Of course, while trucks are great for going off into the woods, they’re not so great everywhere else. They get worse gas mileage than my puny xB, and they’re harder to park. So, seeing how I’ll probably be a city-mountain-hybrid Ryo for a while, would it make sense to completely ditch the Ryomobile? Also, I haven’t finished paying off the Ryomobile (I have about $4k left to go) and on top of that, I’m not exactly drowning in cash like I used to… So I have a few options:

  1. Trade in the Ryomobile for a truck
    Pros: This is the simplest option, and I could end up with a vehicle that could last much longer than what I have now, since trucks generally outlast cheap 4-doors.

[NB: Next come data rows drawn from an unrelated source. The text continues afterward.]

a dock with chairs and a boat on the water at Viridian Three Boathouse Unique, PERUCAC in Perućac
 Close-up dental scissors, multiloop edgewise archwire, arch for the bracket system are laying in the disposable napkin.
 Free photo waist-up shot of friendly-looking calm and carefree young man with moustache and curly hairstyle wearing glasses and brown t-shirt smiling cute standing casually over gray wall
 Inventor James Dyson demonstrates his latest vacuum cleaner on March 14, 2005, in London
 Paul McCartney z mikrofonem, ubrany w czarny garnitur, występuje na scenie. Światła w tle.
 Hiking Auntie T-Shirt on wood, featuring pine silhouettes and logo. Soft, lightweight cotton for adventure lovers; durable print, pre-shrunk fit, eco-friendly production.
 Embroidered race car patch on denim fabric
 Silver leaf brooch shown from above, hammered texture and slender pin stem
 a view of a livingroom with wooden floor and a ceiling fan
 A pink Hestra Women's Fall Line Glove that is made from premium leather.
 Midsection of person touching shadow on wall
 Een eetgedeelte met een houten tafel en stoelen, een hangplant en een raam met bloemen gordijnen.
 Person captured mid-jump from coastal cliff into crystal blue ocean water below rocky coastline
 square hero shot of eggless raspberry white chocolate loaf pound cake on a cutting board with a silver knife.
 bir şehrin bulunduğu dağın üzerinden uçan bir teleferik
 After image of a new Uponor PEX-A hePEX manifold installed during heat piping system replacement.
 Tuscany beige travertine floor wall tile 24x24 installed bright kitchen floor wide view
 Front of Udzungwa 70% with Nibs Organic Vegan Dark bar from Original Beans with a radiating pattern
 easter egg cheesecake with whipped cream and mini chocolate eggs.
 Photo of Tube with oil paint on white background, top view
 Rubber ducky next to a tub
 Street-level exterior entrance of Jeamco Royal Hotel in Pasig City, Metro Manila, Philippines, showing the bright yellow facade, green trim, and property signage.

    Cons: There are numerous downsides to getting a used truck. One is that you don’t exactly know what kind of condition they’re in, and they generally don’t come with any warranty (my xB has an extended warranty out to 75k miles). I’ll also be spending more money on gas, and would have to deal with all the headaches of owning a truck while living in the city (if I return to the city). On top of that, according to KBB, my xB has a trade-in value of $6500-7000, which means I only get $2500-3k after paying back what I owe. A decent truck will cost at least $10k, so I’d have to shell out cash, or go further into debt.
  2. Sell the xB, then buy a used truck
    Pros: If I sell the xB privately instead of trading it into a dealer, I can probably sell it for a higher price than the trade-in value. With another 15k miles left on the warranty, I’m pretty sure I can get a decent price, since buyers won’t have to worry about it falling apart in a week.
    Cons: Selling privately is a hassle. I’d have to get the car cleaned up, inside and out. I also might have to get some dents removed and the windshield replaced, and who knows how much that’d cost. Then, I’d also have to pay off the balance on the loan before I can get the title and sell it. And only then, would I be able to go buy a truck. Oh, and I’d have to deal with not having a car after I’ve sold the Scion but before I’ve bought a truck. I guess I could rent a car, but that’s more money I’d be spending…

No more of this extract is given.